Su exitosa carrera como pianista y director de su propia orquesta se extendió por casi dos décadas. Fue una de las grandes figuras de uno de los programas radiales más famosos, el «Glostora Tango Club» de Radio El Mundo. Y al llegar la televisión, se presentaba en el popular programa «Casino Phillips» de canal 13.

Fue compositor de la música de varios temas. Entre ellos, destaquemos «Por la güeya» (Homero Manzi), «Dejá el mundo como está» (Rodolfo Sciammarella), «Humillación» (Carlos Bahr 1941)

Jorge Ortíz con la orquesta de Rodolfo Biagi: «Humillación»

y, muy especialmente, el ya mencionado «Indiferencia».

Jorge Ortiz con la orquesta de Rodolfo Biagi: «Indiferencia» (1942).

Agus, ¿te fijaste que fuertemente marcado está el compás, como a «golpes» de los bandoneones? Compará el tema anterior, en su versión original, picada y veloz, con esta otra, más suave e íntima, de Alejandro Dolina.

Alejandro Dolina: «Indiferencia»

Ese estilo tan característico de esa época no se dio por casualidad, sino que era requerido por el público. Sin duda, su máximo exponente fue Juan D’Arienzo, a quien justamente lo apodaban «el rey del compás». Y, como decía anteriormente, el alumno adoptó el estilo de su maestro y, para algunos, lo superó.

Biagi impuso desde el teclado un estilo característico: picado, más veloz que el resto de las orquestas, monótono y musicalmente elemental, pero muy bailable, como para que pudieran ejercitarse en la danza aun quienes apenas conocían los rudimentos, porque eran conducidos por un ritmo contagioso, el recuperado compás de los tiempos de los tríos heroicos llevó a la orquesta a recurrir al casi abandonado dos por cuatro. El tango retomaba su alegría inicial. Se trataba de un estilo poco apto para el oyente, pero de gran vibración para los bailarines. Los instrumentos tocaban al unísono y sólo podía distinguirse algún compás suelto del piano conductor, pero no más.

Horacio Salas: El tango (Buenos AIres: Planeta, 1986) p. 246.
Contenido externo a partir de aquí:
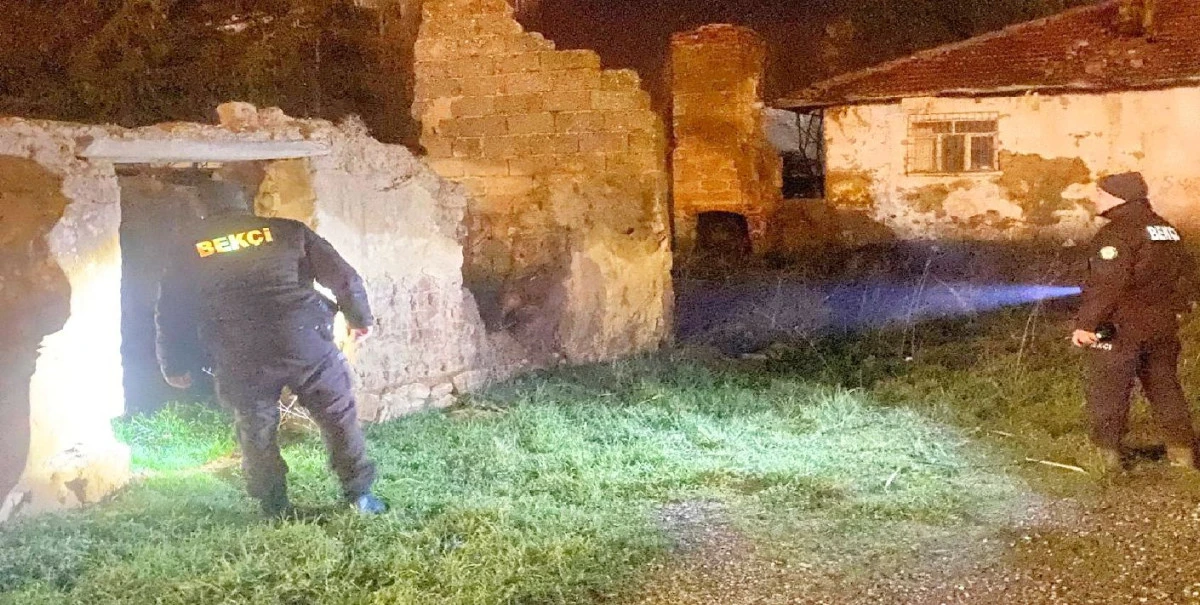 İL&Ccedil;E EMNİYET M&Uuml;D&Uuml;RL&Uuml;Ğ&Uuml;&rsquo;NDEN GECE-G&Uuml;ND&Uuml;Z G&Uuml;VENLİK MESAİSİ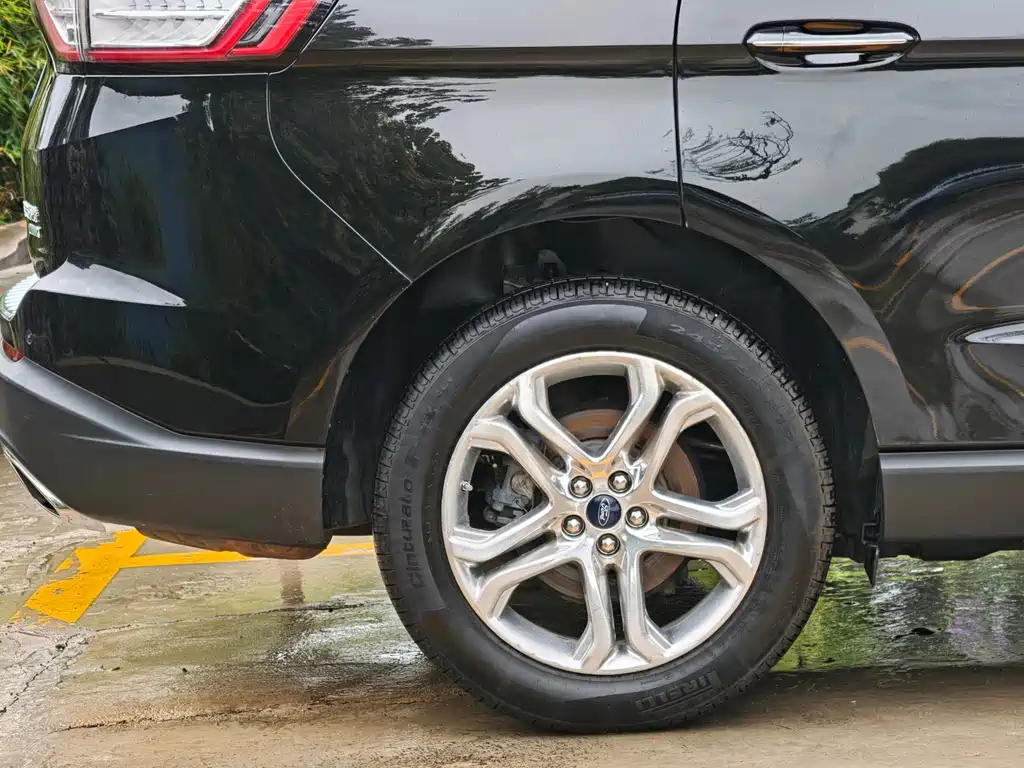 Ford Edge 2015 — фото 8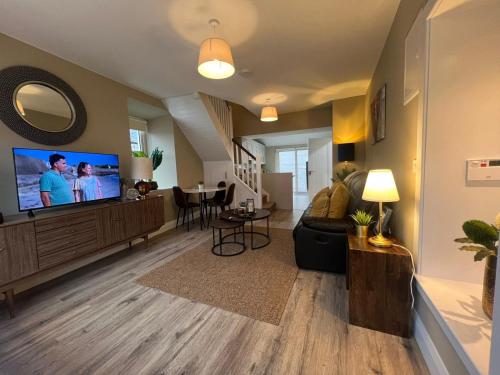 利特里姆The Corner house, Dromod的配有大屏幕平板电视的客厅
Por su orquesta pasaron más de diez cantores, entre ellos Miguel Caló, Carlos Acuña y Jorge Ortíz.

Rodolfo Biagi y su cantor, Jorge Ortiz

Pongo algunos temas muy conocidos, para que veas que distintos que suenan en la orquesta de Biagi. Como decía Salas en la cita anterior se trata de «un estilo poco apto para el oyente, pero de gran vibración para los bailarines».

Jorge Ortíz con la orquesta de Rodolfo Biagi: «Yuyo verde»
Carlos Acuña con la orquesta de Rodolfo Biagi: «Uno»

Rodolfo Biagi, «Manos brujas», falleció en Buenos Aires el 24 de setiembre de 1969.